▶ [Problem description] Your answer must be the line holding "Set 2 Cucharas" followed by every later line through the end of the entries, exactly as written.

■ ■ ■ ■ ■ ■ ■

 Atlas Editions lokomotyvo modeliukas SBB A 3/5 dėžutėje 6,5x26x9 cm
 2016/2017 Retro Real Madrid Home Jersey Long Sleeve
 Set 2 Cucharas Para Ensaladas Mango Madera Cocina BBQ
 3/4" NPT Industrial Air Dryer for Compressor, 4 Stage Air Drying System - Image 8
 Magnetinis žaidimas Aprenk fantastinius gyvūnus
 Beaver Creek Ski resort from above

■ ■ ■ ■ ■ ■ ■

▶ [The completed task]
 Set 2 Cucharas Para Ensaladas Mango Madera Cocina BBQ
 3/4" NPT Industrial Air Dryer for Compressor, 4 Stage Air Drying System - Image 8
 Magnetinis žaidimas Aprenk fantastinius gyvūnus
 Beaver Creek Ski resort from above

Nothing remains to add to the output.